Blick Rothenberg director Alex Altmann shares his views on what the Autumn Statement could mean for Germany.
The forthcoming Autumn Statement announcement should hint to a more competitive tax system in move to show that a post-Brexit Britain will remain fully open for business.
Altmann made the following comments on what he believes the new Chancellor Philip Hammond could include in his announcement later this week:
- The UK has one of the lowest corporate tax rates among the G20 states and it is expected that tax rates will continue to fall in order to attract foreign investment. After Brexit, EU law will no longer apply and therefore the UK will not have to comply with state aid and other rules anymore, allowing it to create a real competitive business environment in Europe.

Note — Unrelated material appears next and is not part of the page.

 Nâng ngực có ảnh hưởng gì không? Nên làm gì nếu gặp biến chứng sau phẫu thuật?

- The UK should at least match Ireland’s corporate tax rate of 12.5% if it is to compete in an international marketplace; such tax incentives would show that the UK is now more than ever open for business.

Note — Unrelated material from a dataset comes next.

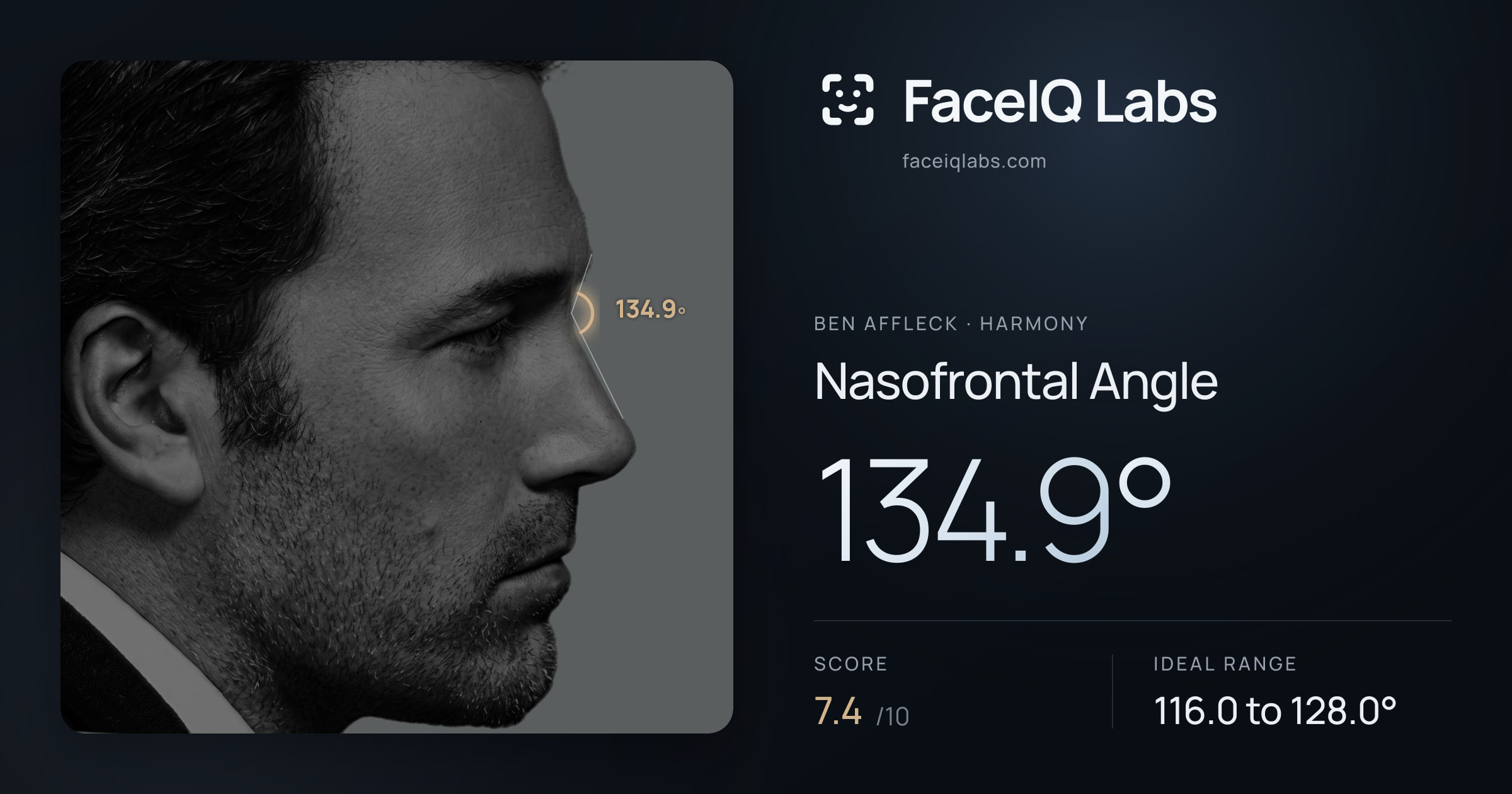 Ben Affleck Nasofrontal Angle: 134.9°, drawn on the photo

- The UK will continue to work as a global expansion hub. It is expected that the UK will exit the EU with a free trade agreement in place that will have restrictions on the access to the single market and might no longer be part of the customs union. The UK could enter into similar agreements with a number of countries soon after leaving the EU, including the US and China. These agreements will allow trade under better terms than the EU has in place with these countries, increasing the case for the UK as a global expansion hub. German and European companies could make use of this and set up businesses in the UK in order to trade globally under better terms.
- A weaker Sterling has made producing and selling from the UK more attractive and has given more incentives to invest. Economic policies should aim to bring the Sterling on par to the Euro to make the UK a real alternative as a manufacturing and global export hub.